WHAT THE TASK REQUIRES ▸
All the data below needs to be retyped exactly as shown.

Scraped caption text data:
BEGIN

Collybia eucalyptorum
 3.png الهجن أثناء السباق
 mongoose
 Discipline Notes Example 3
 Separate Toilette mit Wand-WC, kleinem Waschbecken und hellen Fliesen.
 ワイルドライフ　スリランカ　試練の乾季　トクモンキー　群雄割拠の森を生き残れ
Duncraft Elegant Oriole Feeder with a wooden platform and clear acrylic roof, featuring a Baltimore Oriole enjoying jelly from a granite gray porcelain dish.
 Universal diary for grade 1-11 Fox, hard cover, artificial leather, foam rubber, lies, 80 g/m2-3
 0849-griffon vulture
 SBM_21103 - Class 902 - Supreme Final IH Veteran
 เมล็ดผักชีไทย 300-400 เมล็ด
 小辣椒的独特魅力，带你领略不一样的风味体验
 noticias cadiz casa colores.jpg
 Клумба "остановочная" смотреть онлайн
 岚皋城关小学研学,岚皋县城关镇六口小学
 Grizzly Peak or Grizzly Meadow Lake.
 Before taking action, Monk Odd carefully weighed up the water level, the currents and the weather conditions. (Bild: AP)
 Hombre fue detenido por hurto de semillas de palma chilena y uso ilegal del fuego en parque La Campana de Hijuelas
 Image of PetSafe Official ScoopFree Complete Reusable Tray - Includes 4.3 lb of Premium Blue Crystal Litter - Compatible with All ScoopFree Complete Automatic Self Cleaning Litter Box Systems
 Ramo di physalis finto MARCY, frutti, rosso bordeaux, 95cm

END

ANSWER BOX ▸
Collybia eucalyptorum
 3.png الهجن أثناء السباق
 mongoose
 Discipline Notes Example 3
 Separate Toilette mit Wand-WC, kleinem Waschbecken und hellen Fliesen.
 ワイルドライフ　スリランカ　試練の乾季　トクモンキー　群雄割拠の森を生き残れ
Duncraft Elegant Oriole Feeder with a wooden platform and clear acrylic roof, featuring a Baltimore Oriole enjoying jelly from a granite gray porcelain dish.
 Universal diary for grade 1-11 Fox, hard cover, artificial leather, foam rubber, lies, 80 g/m2-3
 0849-griffon vulture
 SBM_21103 - Class 902 - Supreme Final IH Veteran
 เมล็ดผักชีไทย 300-400 เมล็ด
 小辣椒的独特魅力，带你领略不一样的风味体验
 noticias cadiz casa colores.jpg
 Клумба "остановочная" смотреть онлайн
 岚皋城关小学研学,岚皋县城关镇六口小学
 Grizzly Peak or Grizzly Meadow Lake.
 Before taking action, Monk Odd carefully weighed up the water level, the currents and the weather conditions. (Bild: AP)
 Hombre fue detenido por hurto de semillas de palma chilena y uso ilegal del fuego en parque La Campana de Hijuelas
 Image of PetSafe Official ScoopFree Complete Reusable Tray - Includes 4.3 lb of Premium Blue Crystal Litter - Compatible with All ScoopFree Complete Automatic Self Cleaning Litter Box Systems
 Ramo di physalis finto MARCY, frutti, rosso bordeaux, 95cm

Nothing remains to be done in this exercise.